**Task requirements**
The required output is the exact run of lines from the one that contains "POPMART SKULLPANDA YOU" to the end of the data, with every picture left out.

**Information provided**

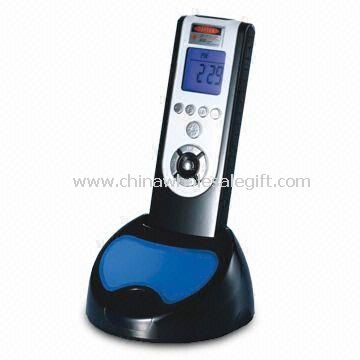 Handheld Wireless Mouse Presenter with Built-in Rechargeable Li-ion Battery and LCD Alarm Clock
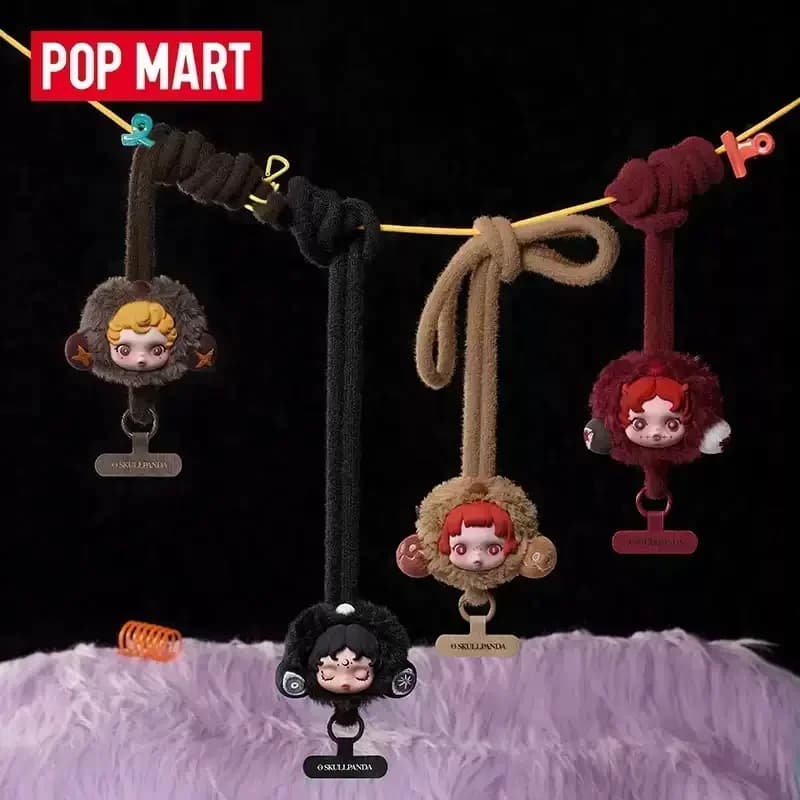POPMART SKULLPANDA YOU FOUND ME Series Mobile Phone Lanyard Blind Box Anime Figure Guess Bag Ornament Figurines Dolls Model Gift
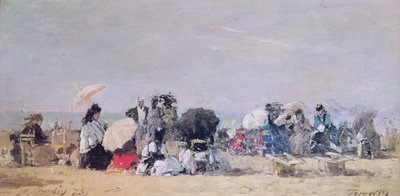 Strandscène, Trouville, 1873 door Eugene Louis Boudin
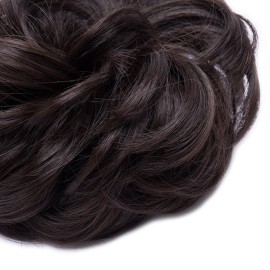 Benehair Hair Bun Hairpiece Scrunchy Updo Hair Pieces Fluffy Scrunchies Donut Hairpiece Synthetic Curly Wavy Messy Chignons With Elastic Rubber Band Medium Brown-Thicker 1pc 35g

**Finished exercise**
POPMART SKULLPANDA YOU FOUND ME Series Mobile Phone Lanyard Blind Box Anime Figure Guess Bag Ornament Figurines Dolls Model Gift
 Strandscène, Trouville, 1873 door Eugene Louis Boudin
 Benehair Hair Bun Hairpiece Scrunchy Updo Hair Pieces Fluffy Scrunchies Donut Hairpiece Synthetic Curly Wavy Messy Chignons With Elastic Rubber Band Medium Brown-Thicker 1pc 35g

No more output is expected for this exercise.